3.04.2009

Wolterstorff Quote


One of the texts I'm reading for my next seminar is Wolterstorff's Divine Discourse. While the material is quite heavy at times, one passage in particular struck a chord (a pleasant one at that) with me as I was reading tonight. In asking why it is that the Christian community continually returns to the "medium of revelation," (i.e. the Scriptures) rather than just extracting the understood meaning and being done with the text, so to speak. For those who might be interested, Wolterstorff's answer is as follows:

"What seems to me the right answer to this question has two parts; and it's especially the second part of the answer that we must keep in mind, lest we inflate the significance of our inquiry. The first part is that the community assumes, by its practice, that no matter how successful prior interpretations, additional discernment is aloways possible; the activity of discerning the divine discourse is forever incomplete. It is that in two ways. For one thing, I cannot in general just assume that what God said to me in my situation, or to my group in our situation, by way of this text is exactly the same as what God said to other earlier readers and interpreters in their situations. But if there is indeed a rich diversity in the particularity of what God said to different people by way of authoring this text, then those different people have to try to discern that. Secondly, the fact that interpretation is forever incomplete is grounded in the subtlety of the text as well as in the diversity of what was said to whom. Sometimes we're stymied in our attempts at interpretation; often our interpretations get it wrong. The Bible is a rich and subtle letter from a friend of ours to a group of us. Over and over when we come back to it, whether as individuals or as a group, with the question in mind of what the friend was saying, we are rewarded with new insight. In part that is because each of us at a particular stage in our lives is cognitively privileged with respect to certain facets of reality and cognitively underprivileged with respect to others. If one has lived in luxury all one's life, certain aspects of the biblical text will almost certainly escape one's attention; if one has lived under oppression, certain aspects will jump out.

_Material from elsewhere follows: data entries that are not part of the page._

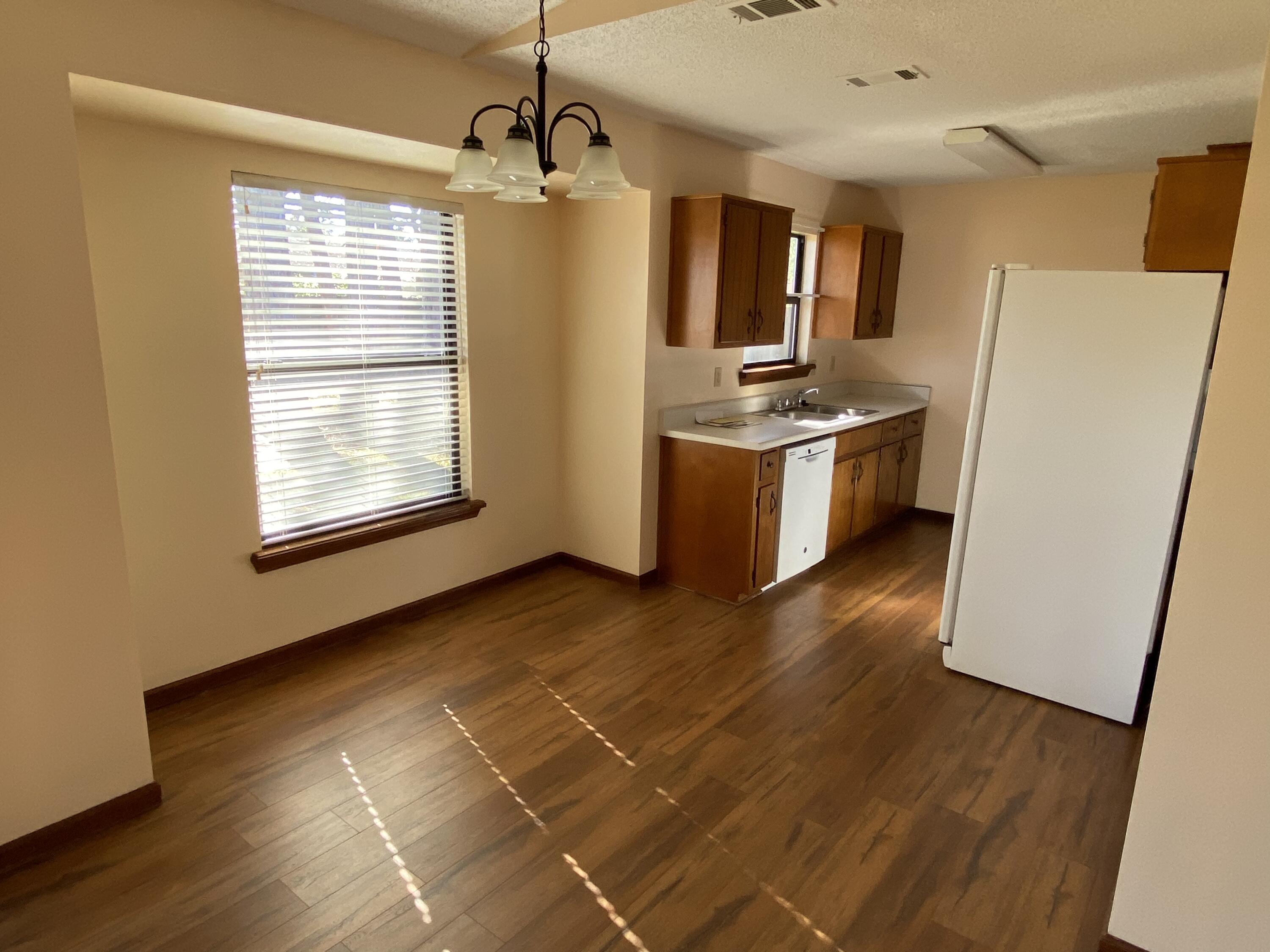 PINE MEADOWS #3 PHASE II LOT 19 BLK A - Residential Lease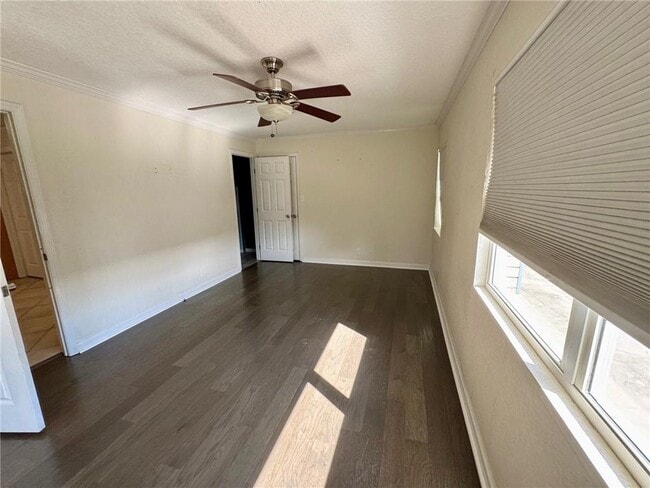Building Photo - 107 S Lake Dr
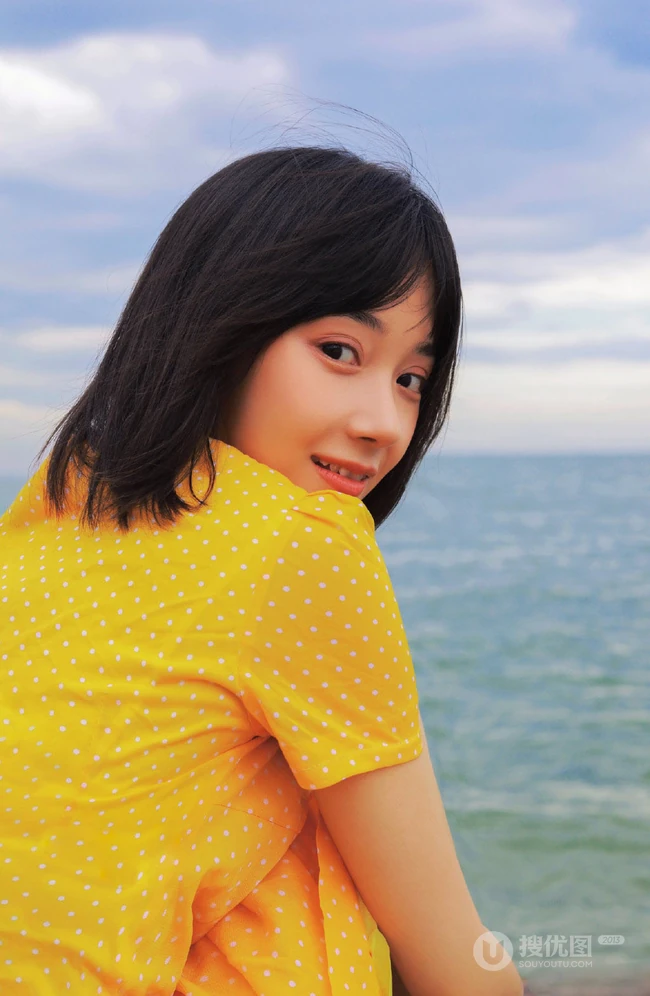 卜冠今甜美清新少女感十足写真，着黄衣波点连衣裙浅海可爱踏浪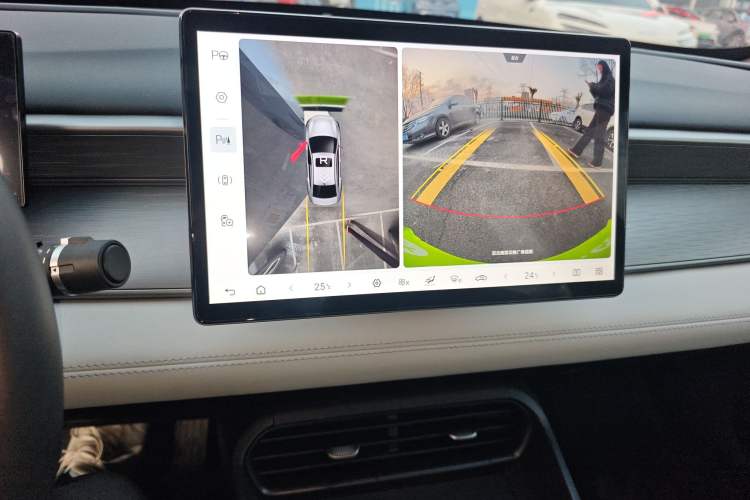 Used BYD Seal 05 DM-i 2025 DM-i Intelligent Drive 120KM Flagship Model
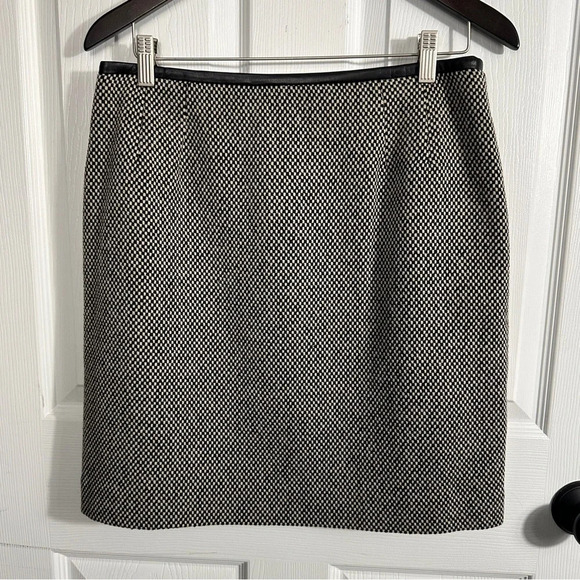 Talbots 12 petite wool blend skirt with leather trim, black/white microcheck - Picture 1 of 8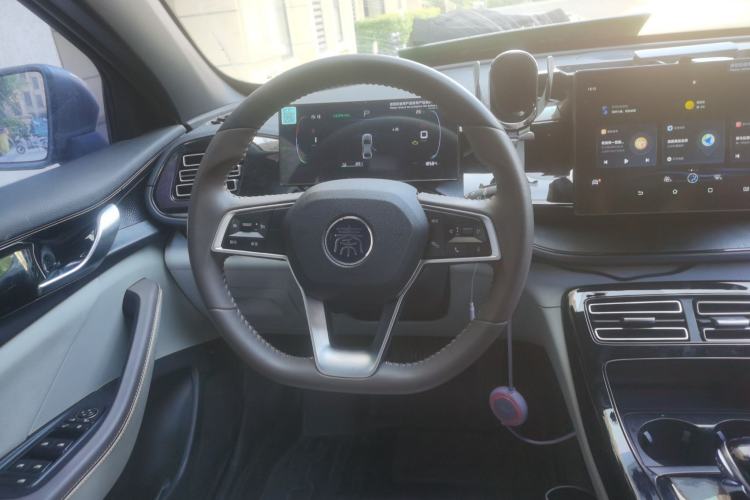 Used BYD Qin PLUS 2023 Champion Edition DM-i 55KM Leading Model Steering Wheel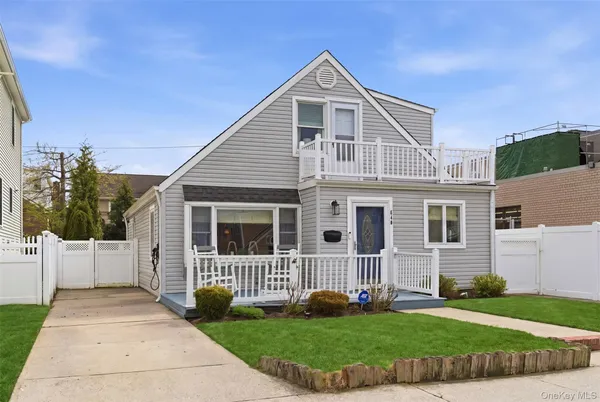 $949,000 | 540 West Walnut Street, Long Beach, NY 11561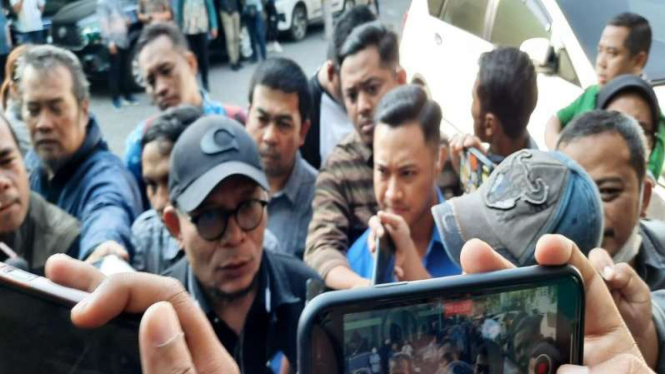 Wakil Ketua DPP PKB Hanif Dakhiri di kantor DPW PKB Jatim di Surabaya.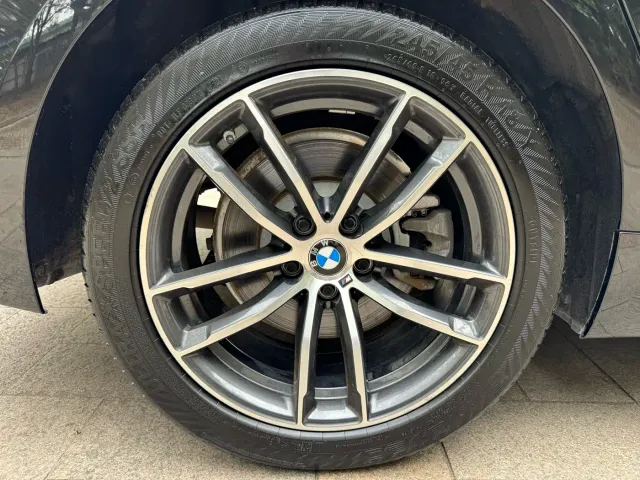 BMW 5 Series — Фото автомобиля 9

The other part of the answer is that the community assumes, by its practice, that the significance of the Bible goes beyond its being a[n] instrument of divine discourse. The community assumes a surplus of significance for the Bible. For one thing, the words and the worlds projected prove worth contemplating in their own right; there is an art of biblical narrative, an art of biblical poetics, and fascinating resonances about the parts of the text and the worlds. Furthermore, the church down through the ages has found itself drawn to using the words of Scripture for its own discourse: it speaks its own praise and lament in the words of the psalms, it speaks its own blessings in the words of Paul, it speaks its own hopes in the words of Revelation. But thirdly, and perhaps most importantly, the church has wanted to be so formed by the very phrases and images of scripture, the narratives and songs, the preachments and visions, that it sees reality and imagines possibilities through those phrases and images, through those narratives and songs, through those preachments and visions."